Web page caption snippets:
--- START ---

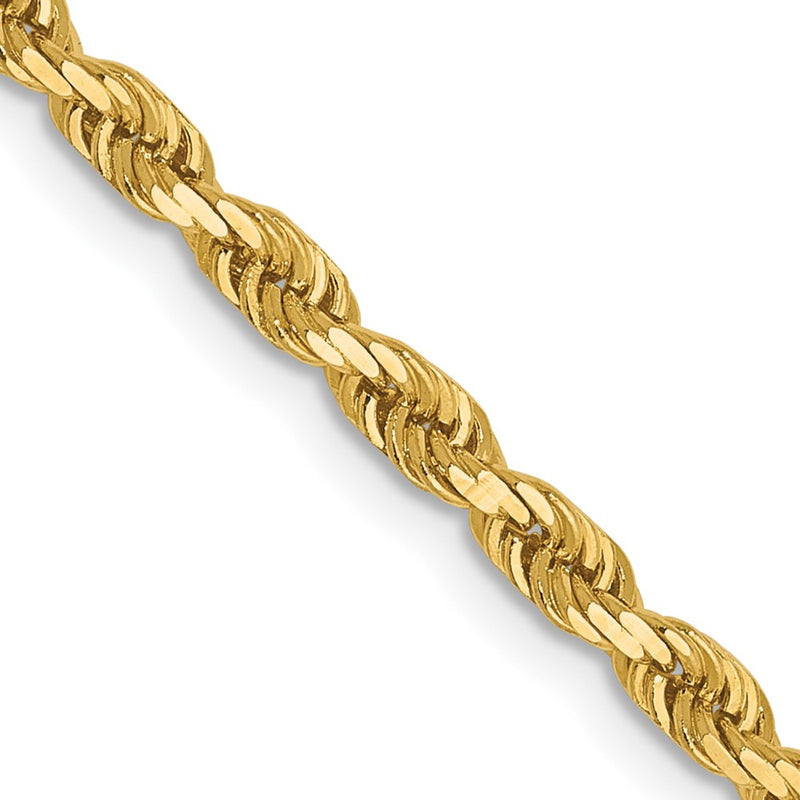 20 Inch 14K 2.75mm Diamond-Cut Lightweight Rope Chain Necklace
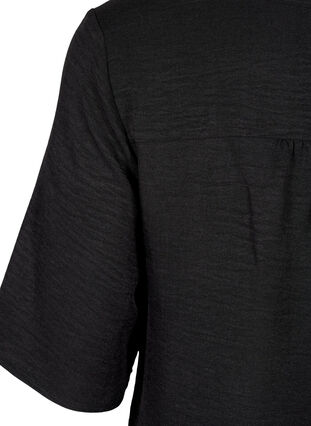 Zizzi Overhemd blouse met V-hals en korte mouwen, Black, Packshot image number 3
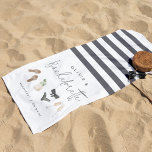 Toalha De Praia Summer Neutrals Personalized Bachelorette Party<br><div class="desc">Get the party started with these cute and unique custom beach towels that are easy to personalize for your bachelorette party, hen night, or girls' weekend! Beachy boho style design in a neutral color palette features delicate watercolor illustrations of sandals, champagne glasses, a mixed cocktail, and a cute black swimsuit...</div>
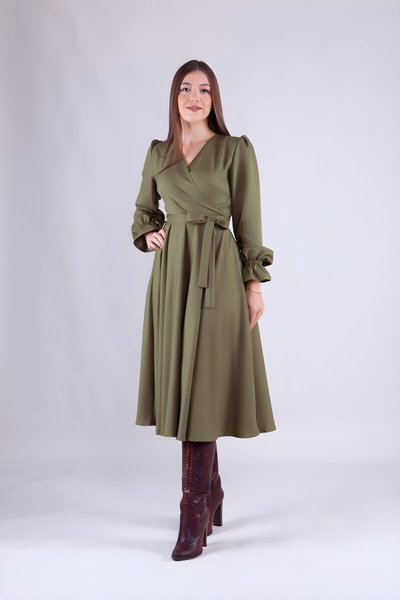 Haki Uzun Kol Kruvaze Yaka Tesettür Elbise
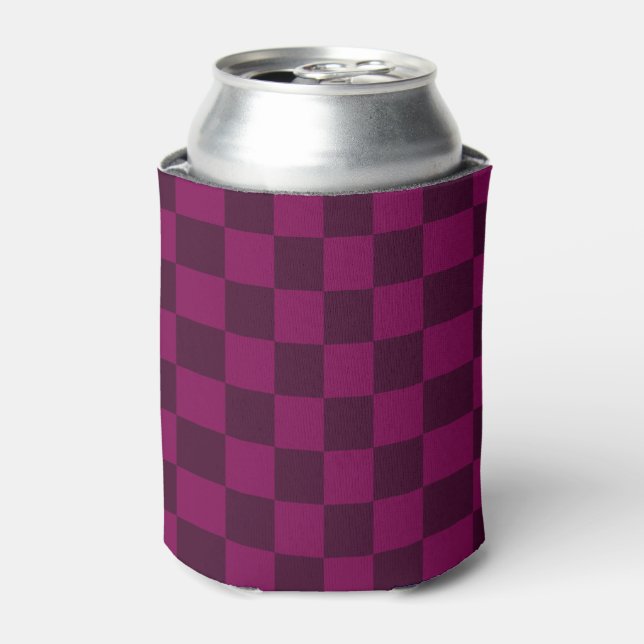 Balanced Visuals with Maroon Chequerboard Pattern Can Cooler (Can Front)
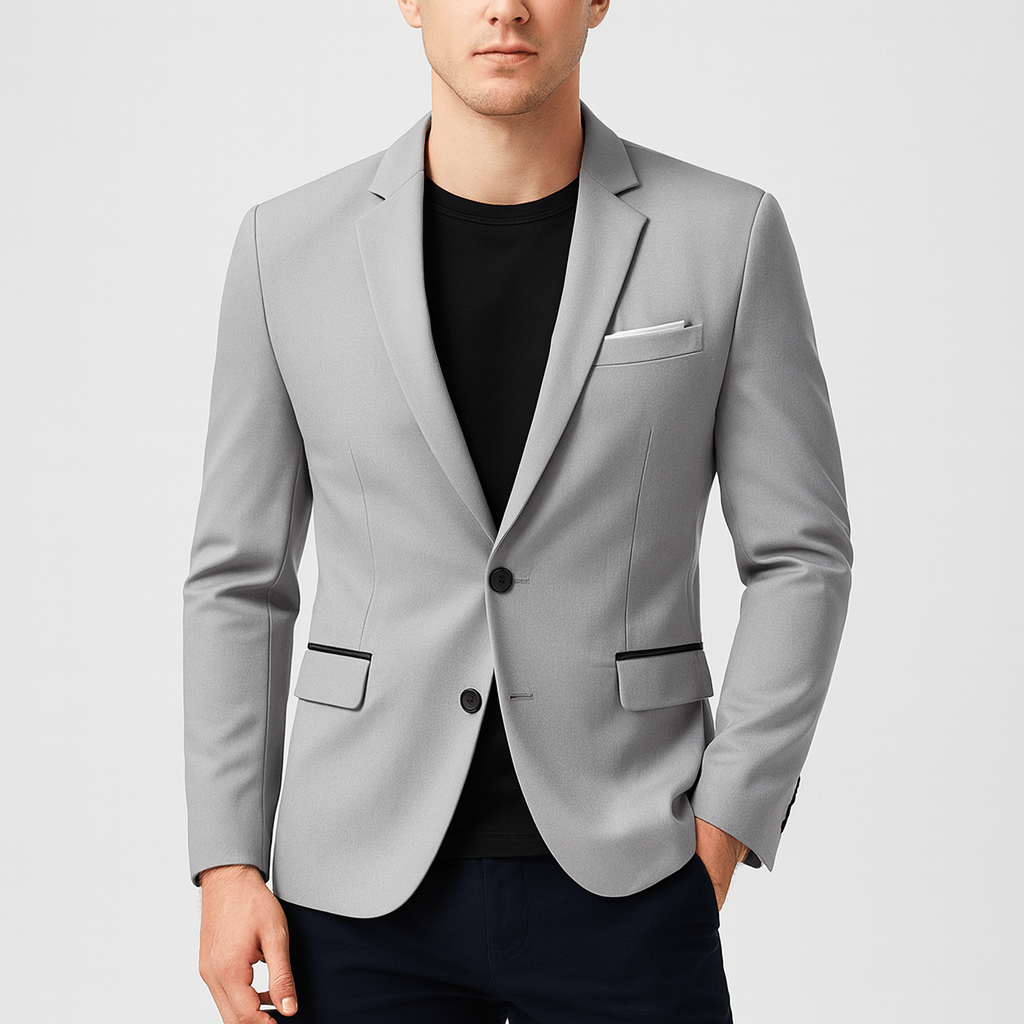 Soviska | Dopasowana marynarka z klapami-Marynarki-Soviska-Jasnoniebieski-S-Soviska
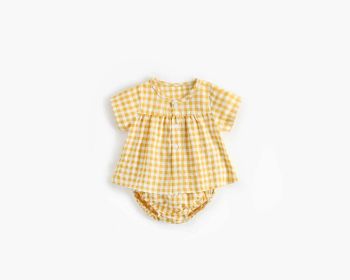 Gingham Button-up Shirt/Shorts Set (Color: Yellow, Size/Age: 66 (3-6M))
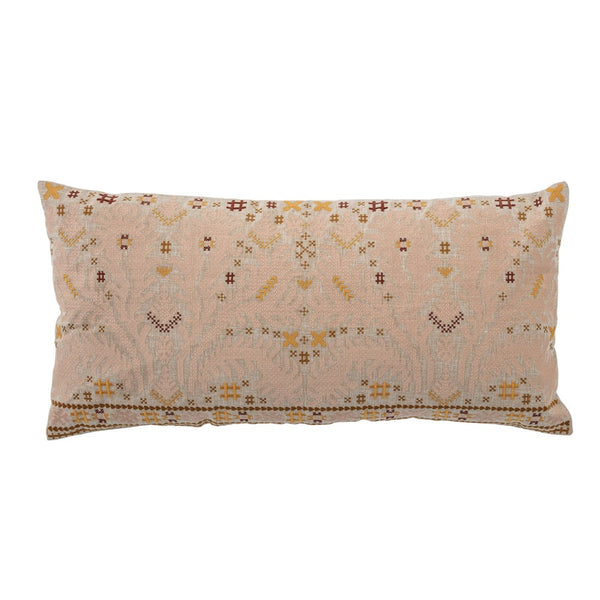 Multi Color Cotton Embroidered Lumbar Pillow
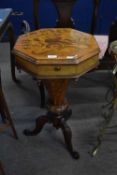 Victorian octagonal sewing table, the hinged top inlaid with a design of bird amongst foliage,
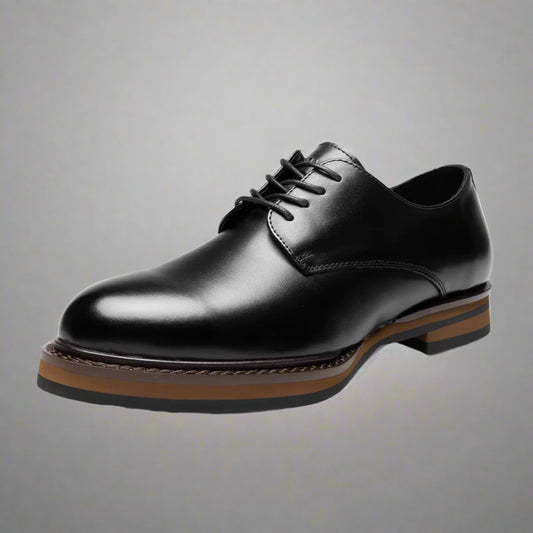 British Retro Casual Leather Shoes for Men'S Business Formal Wear, Thick Soled Height Increasing Wedding Groom Derby Shoes240621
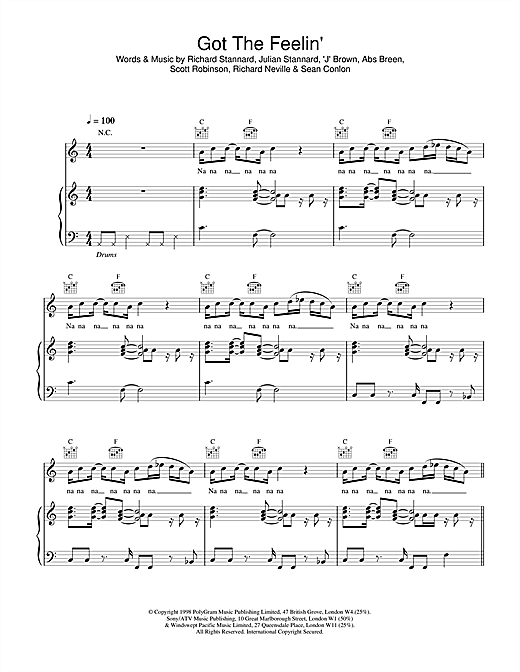 Preview Five Got The Feelin' Pop sheet music, notes and chords for Piano, Vocal & Guitar, SKU: 17983 sheet music, piano notes, chords, guitar tabs, score, transpose, transcribe, how to play, guide, download, learn, tutorial, progression, song, artist, awards, billboard, mtv, vh1, tour, single, album, release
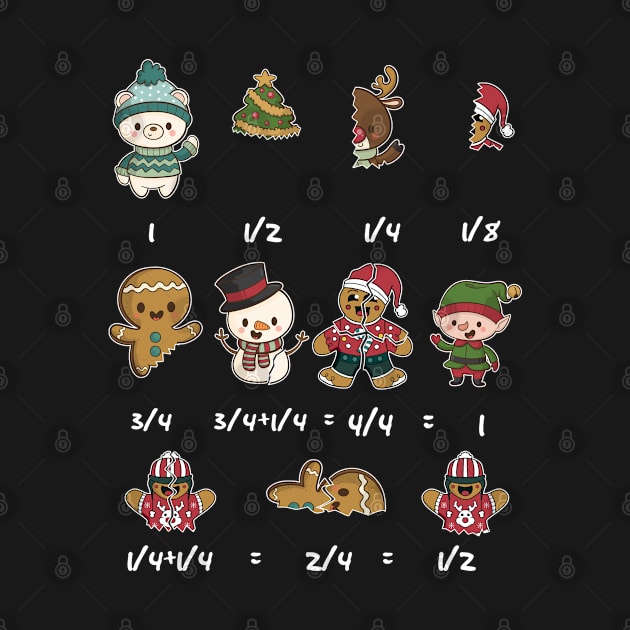 Christmas Math Teacher Equation Gingerbread With Santa Hat by dounjdesigner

--- END ---

Task directions:
Give back exactly the lines above from the one with "Balanced Visuals with" through the one with "Victorian octagonal sewing", both included. Pictures don't belong in the copy.

Solution to the problem:
 Balanced Visuals with Maroon Chequerboard Pattern Can Cooler (Can Front)
 Soviska | Dopasowana marynarka z klapami-Marynarki-Soviska-Jasnoniebieski-S-Soviska
 Gingham Button-up Shirt/Shorts Set (Color: Yellow, Size/Age: 66 (3-6M))
 Multi Color Cotton Embroidered Lumbar Pillow
 Victorian octagonal sewing table, the hinged top inlaid with a design of bird amongst foliage,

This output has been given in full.